Moreover, mangroves exhibit high species diversity, spatiotemporal heterogeneity, and intricate community structures [
12,
13]. These factors pose significant challenges to mangrove conservation and research, especially in large-scale ecological monitoring. The inability to accurately classify species directly affects assessments of mangrove health and species distribution.
With the rapid advancement of UAV and spectral technologies, traditional mangrove species classification has increasingly leveraged hyperspectral and multispectral data. For example, Cao [
14] utilized UAV hyperspectral images to classify mangrove species on Qi’ao Island, Zhuhai, Guangdong Province, China. By integrating spectral, textural, and height features and applying SVM, the study achieved an accuracy of 88.66%, demonstrating the effectiveness of UAV hyperspectral data in species recognition. Similarly, Zulfa [
15] applied the SAM spectral algorithm to classify mangrove species in the Matang Mangrove Forest Reserve (MMFR). The study employed SID and SAM algorithms to classify 40,000 trees from 19 mangrove species using medium-resolution satellite images. The SAM algorithm achieved a classification accuracy of 85.21%, and the findings indicated that mangrove species distribution was influenced by human activities. Both algorithms demonstrated complementary strengths in enhancing mangrove species identification.
Wang [
16] employed the Extremely Randomized Trees (ERT) algorithm with multi-source remote sensing data to classify mangrove species in Fucheng Town, Leizhou City. By combining optical data (Gaofen-1, Sentinel-2, Landsat-9) and fully polarized SAR data (Gaofen-3), the study achieved a high classification accuracy of 90.13% (Kappa = 0.84). The ERT algorithm outperformed other methods, such as Random Forest and K-Nearest Neighbors (KNN), demonstrating the effectiveness of multi-source and multi-temporal satellite data for mangrove species classification.
Cao [
17] combined UAV-based hyperspectral and LiDAR data for fine mangrove species classification in Qi’ao Island, Zhuhai, China. The proposed method, which used the Rotation Forest (RoF) algorithm, achieved an overall accuracy of 97.22%, outperforming other algorithms, such as Random Forest (RF) and Logistic Model Tree (LMT). Incorporating LiDAR-derived canopy height improved classification accuracy by 2.43%.
Zhen [
18] utilized the XGBoost algorithm with multi-source satellite remote sensing data to classify mangrove species. By integrating data from WorldView-2, Orbita HyperSpectral, and ALOS-2, they achieved a high classification accuracy of 94.02% for six mangrove species. This study highlights the value of combining spectral, texture, and polarization features to improve mangrove species mapping and support conservation efforts.
Meanwhile, Yang [
19] compared the performance of four machine learning algorithms—Adaptive Boosting (AdaBoost), eXtreme Gradient Boosting (XGBoost), Random Forest (RF), and Light Gradient Boosting Machine (LightGBM)—for classifying mangrove species using both multispectral and hyperspectral data. The study found that the average recognition accuracy for multispectral data was 72%, while hyperspectral data achieved an average accuracy of 91%. The highest accuracy, 97.15%, was achieved using the LightGBM method.

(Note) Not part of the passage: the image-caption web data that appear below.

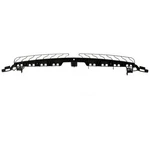 Volkswagen Jetta For 2019-2023 Radiator Support 17A805705E VW1225168 New. Price: $52.40.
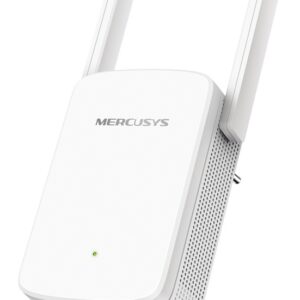 EXTENSOR MERCUSYS AC1200 WALL-MOUNTED 2 ANTENNAS 6957939002480 ME30-V1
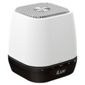 Iluv ISP145WHT  Bluetooth Mini Speaker White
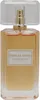 A bottle of Givenchy Dahlia Divin Eau de Parfum. Produktbild-Vorschau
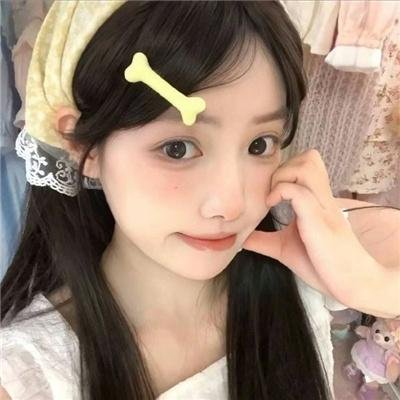 又会咁嘅粤语海报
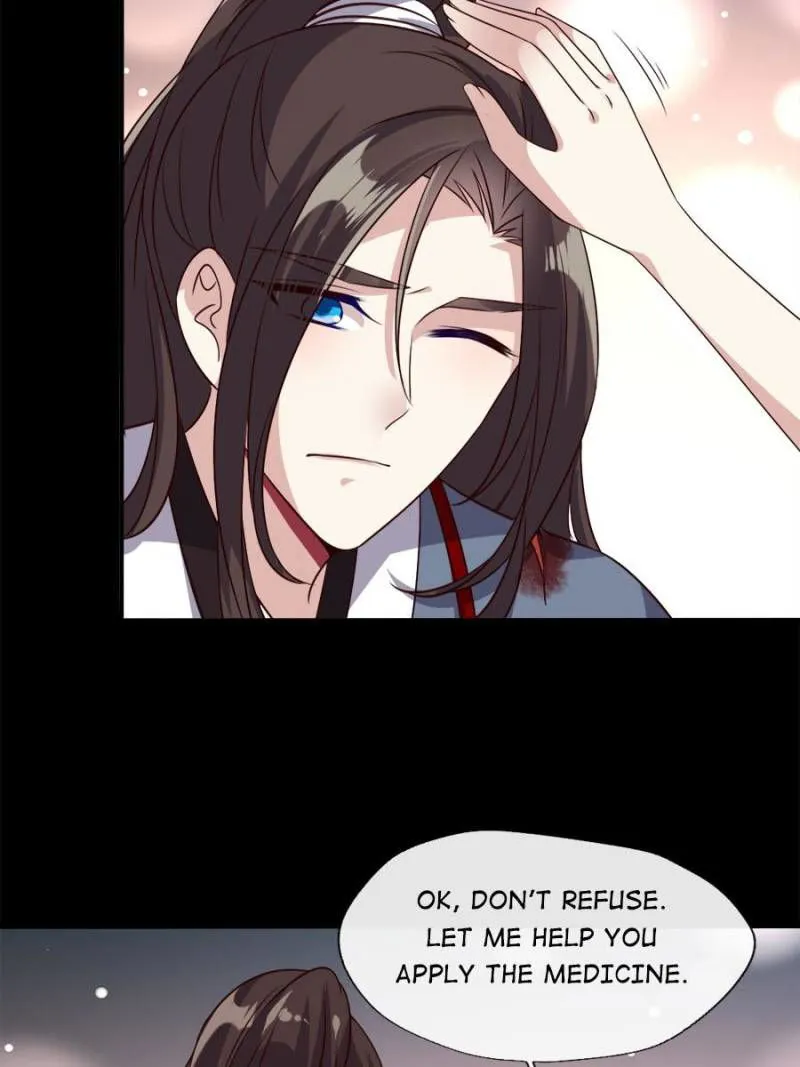 My Vampire Master Chapter 62 Online - página 20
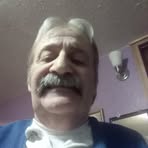 Mark Hadley - Facebook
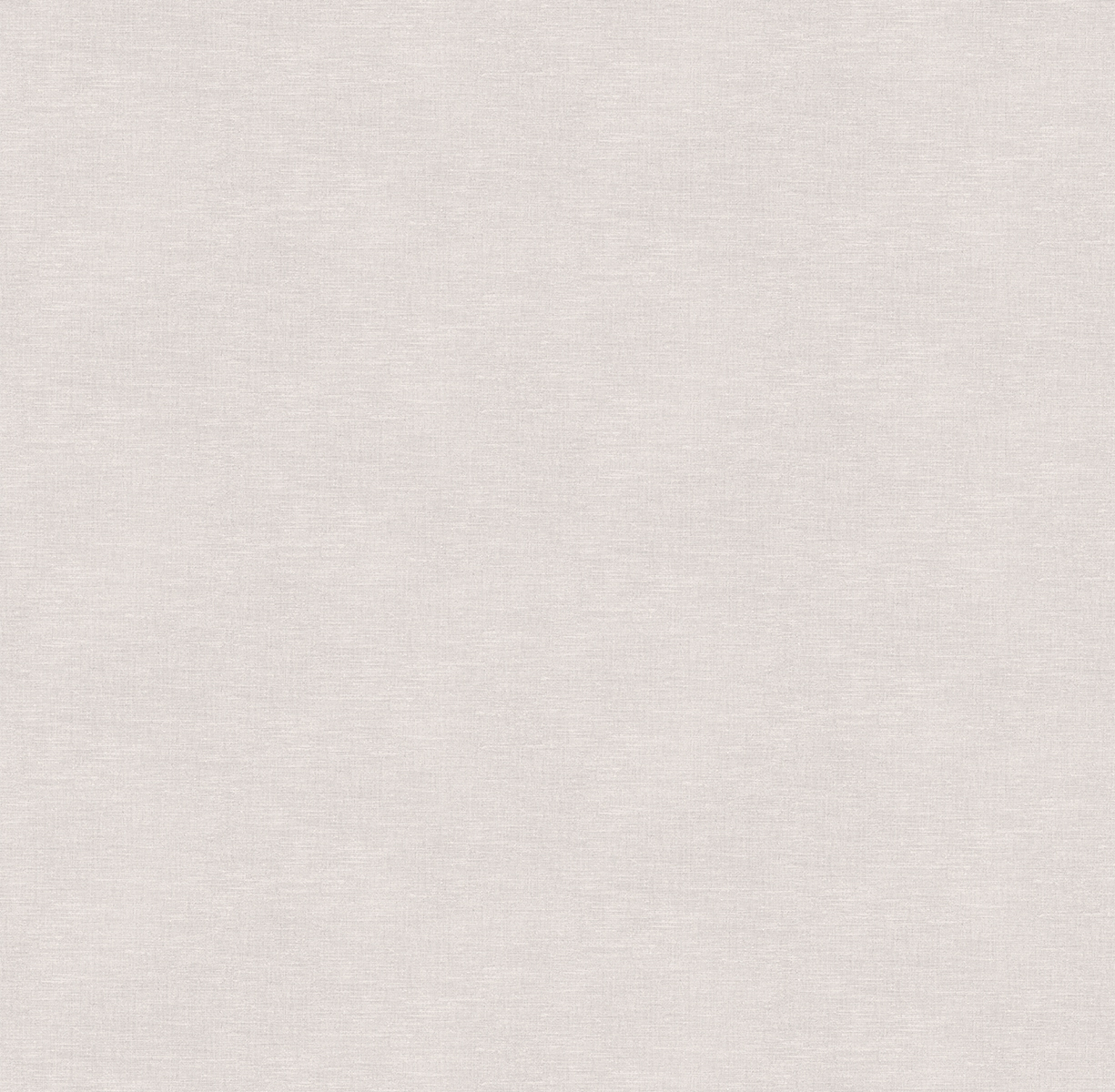 Background PANTONE CREAM 285981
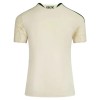 Maglia Celtic FC Terzo 2026-27 Maniche Corte - Uomo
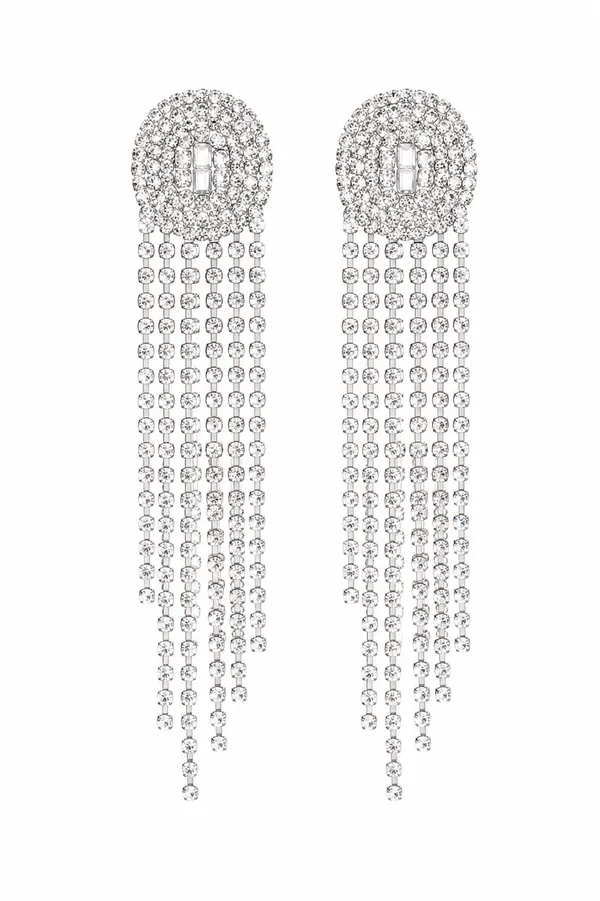 Silver_Tone_Rhinestone_Chandelier_Earrings_for_Women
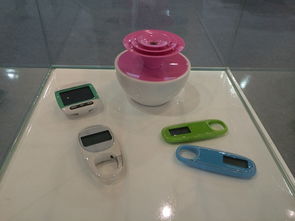 深圳源廣浩閃耀2014北京國(guó)際禮品展 創(chuàng)新電子產(chǎn)品引領(lǐng)銷售新風(fēng)向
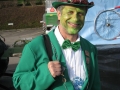 2014-02-27-Fasnacht-50-Jahre-Wurstkranz-016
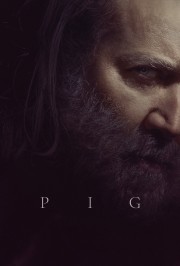 hd-Pig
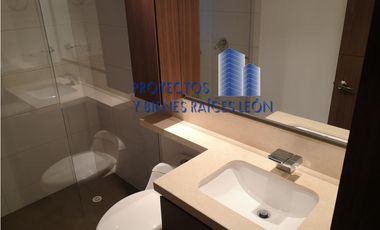 APARTAMENTO EN VENTA EN CHA, CUNDINAMARCA. SL9014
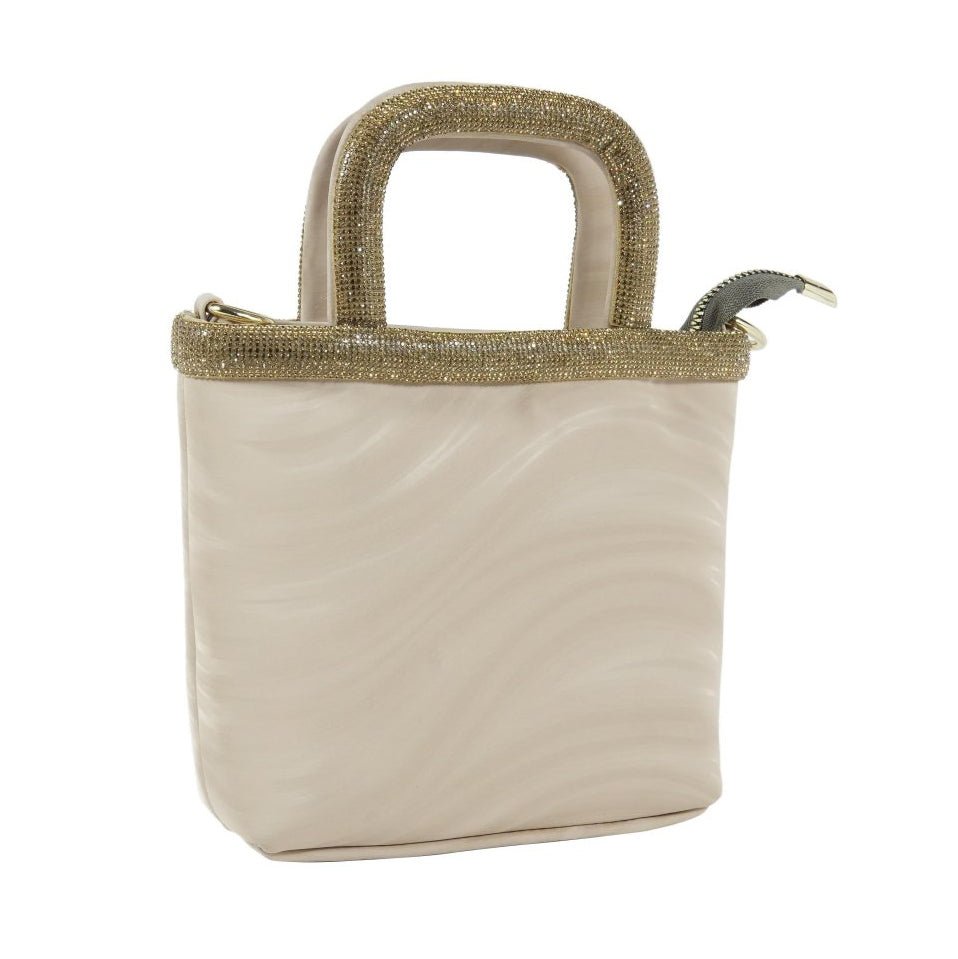 Women Party Bag - 05551B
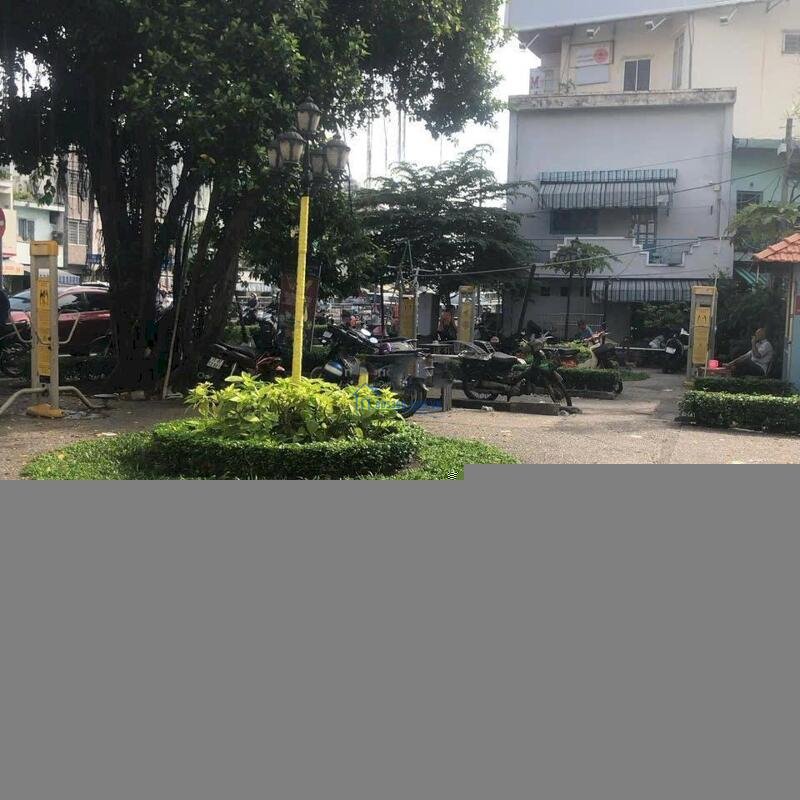 CHÍNH CHỦ BÁN NHÀ 1 TRỆT 1 LẦU GIÁ RẺ TRUNG TÂM QUẬN 1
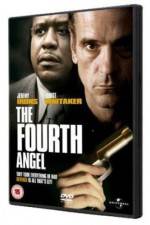 Watch The Fourth Angel 123movies
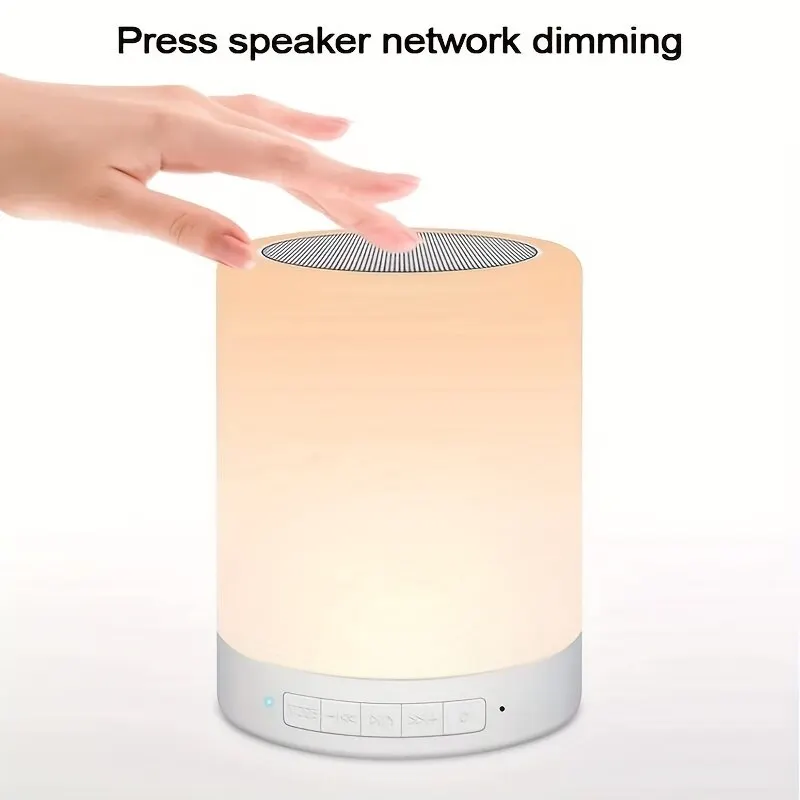 2024 başucu masa lambası kablo - Desk Setup Speakers incelemesi ve fiyatı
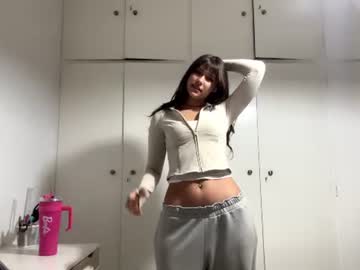 jadepeakq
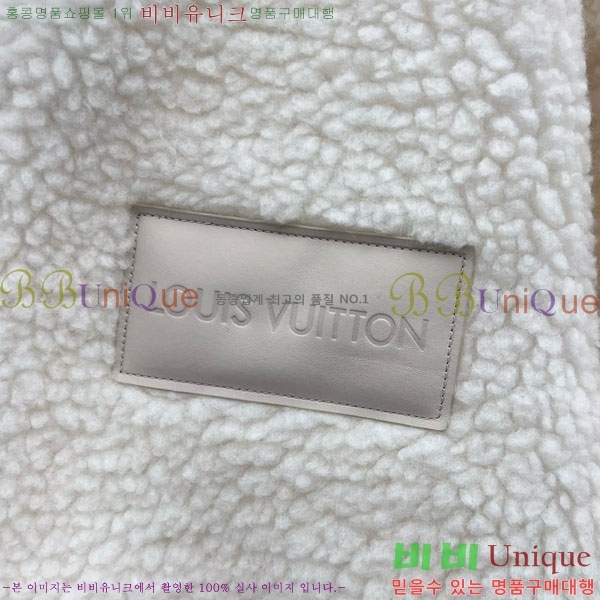  ̺  LV2112708-1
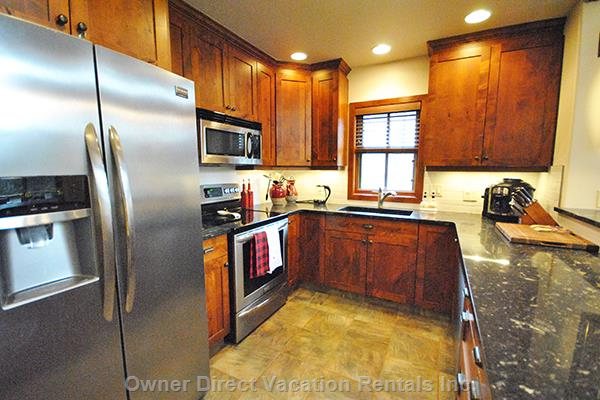  woodhaven vacation rentals vacation rentals canada british columbia sun peaks 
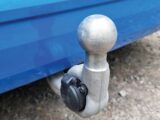 The towball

Although hyperspectral data offer a high resolution and the ability to capture subtle species differences, with strong robustness in complex environments, obtaining high-quality hyperspectral data presents numerous challenges. Variations in lighting, terrain, and occlusions in complex environments like wetlands can significantly affect data quality. Additionally, hyperspectral sensors are expensive, with high hardware and maintenance costs, which limits their widespread application in large-scale or long-term monitoring.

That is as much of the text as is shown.